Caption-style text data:
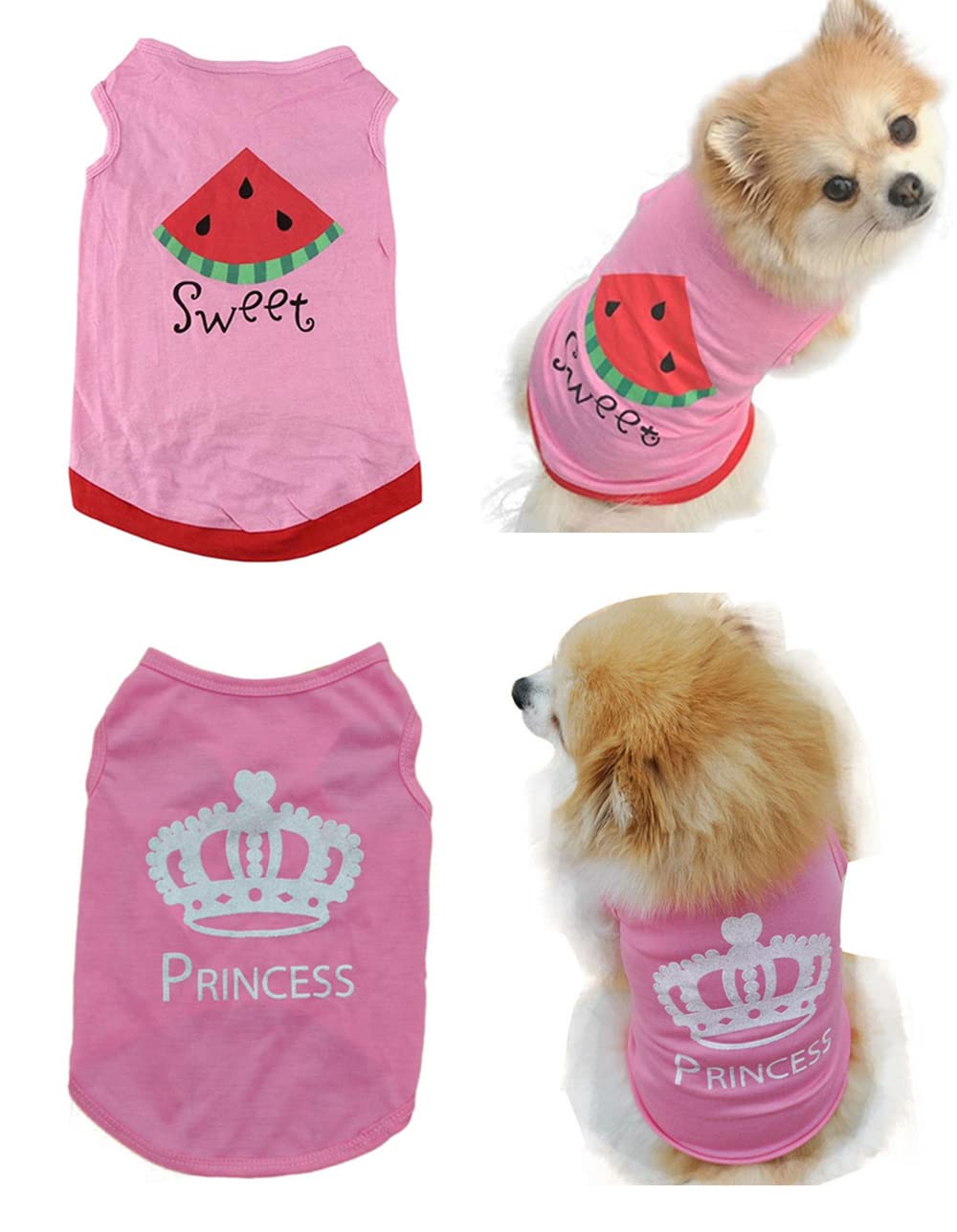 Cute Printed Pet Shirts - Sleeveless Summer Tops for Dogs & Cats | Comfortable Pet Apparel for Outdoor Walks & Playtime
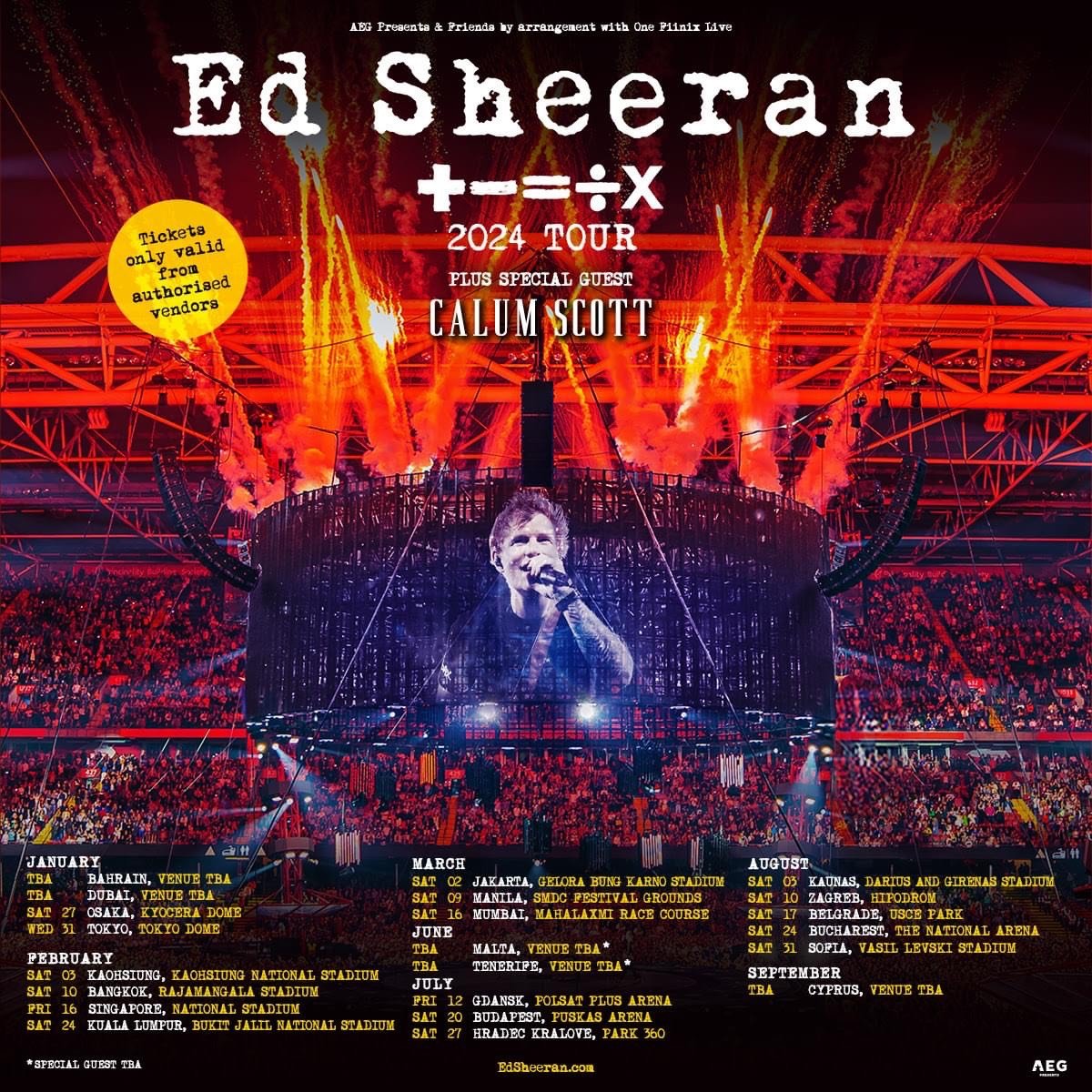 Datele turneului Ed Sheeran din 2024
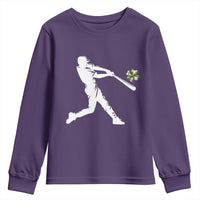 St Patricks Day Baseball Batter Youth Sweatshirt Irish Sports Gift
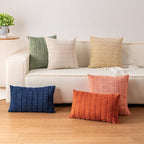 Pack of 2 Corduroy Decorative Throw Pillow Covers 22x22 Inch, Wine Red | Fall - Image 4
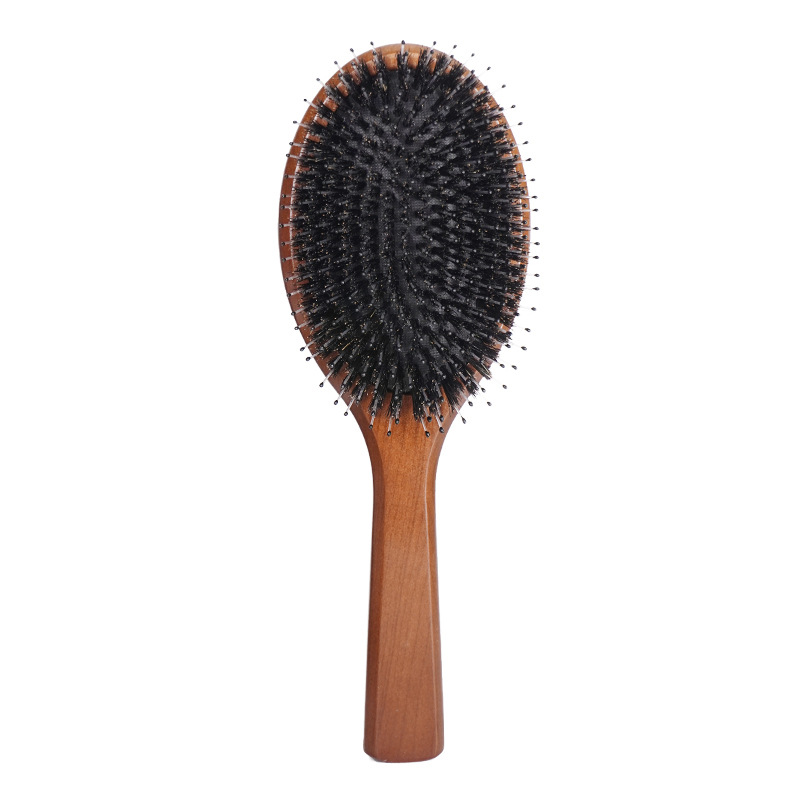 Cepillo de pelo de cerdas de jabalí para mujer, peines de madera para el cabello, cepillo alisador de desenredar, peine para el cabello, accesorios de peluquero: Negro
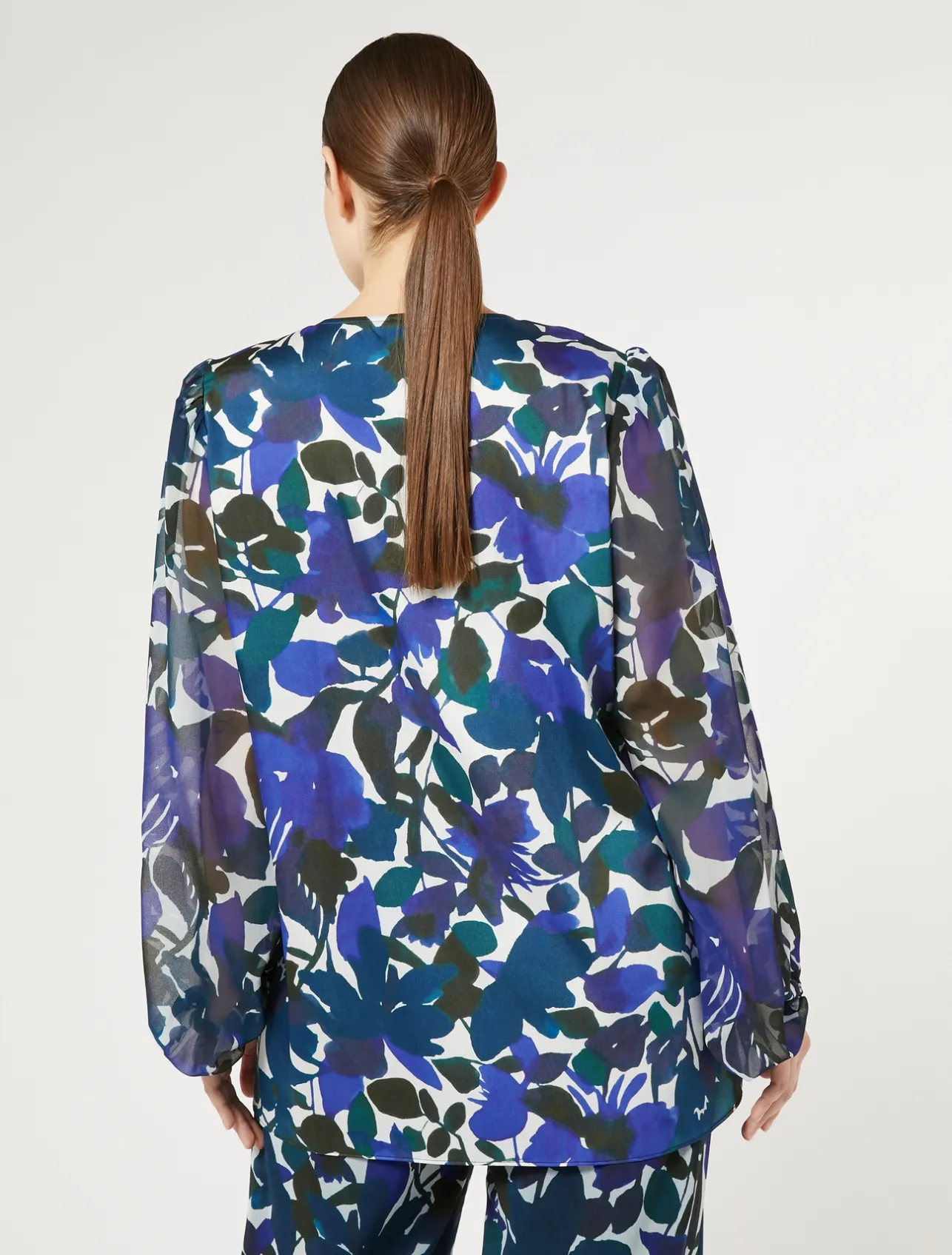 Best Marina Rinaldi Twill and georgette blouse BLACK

...

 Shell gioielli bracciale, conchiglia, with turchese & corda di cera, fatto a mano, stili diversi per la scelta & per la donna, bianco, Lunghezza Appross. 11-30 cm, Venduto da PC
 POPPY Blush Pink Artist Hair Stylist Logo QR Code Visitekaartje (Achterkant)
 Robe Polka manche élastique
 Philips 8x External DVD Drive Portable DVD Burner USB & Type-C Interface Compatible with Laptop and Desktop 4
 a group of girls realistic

WHAT IS BEING ASKED: Show each line of the data that contains the string "with".

TASK ANSWER:
 Shell gioielli bracciale, conchiglia, with turchese & corda di cera, fatto a mano, stili diversi per la scelta & per la donna, bianco, Lunghezza Appross. 11-30 cm, Venduto da PC
 Philips 8x External DVD Drive Portable DVD Burner USB & Type-C Interface Compatible with Laptop and Desktop 4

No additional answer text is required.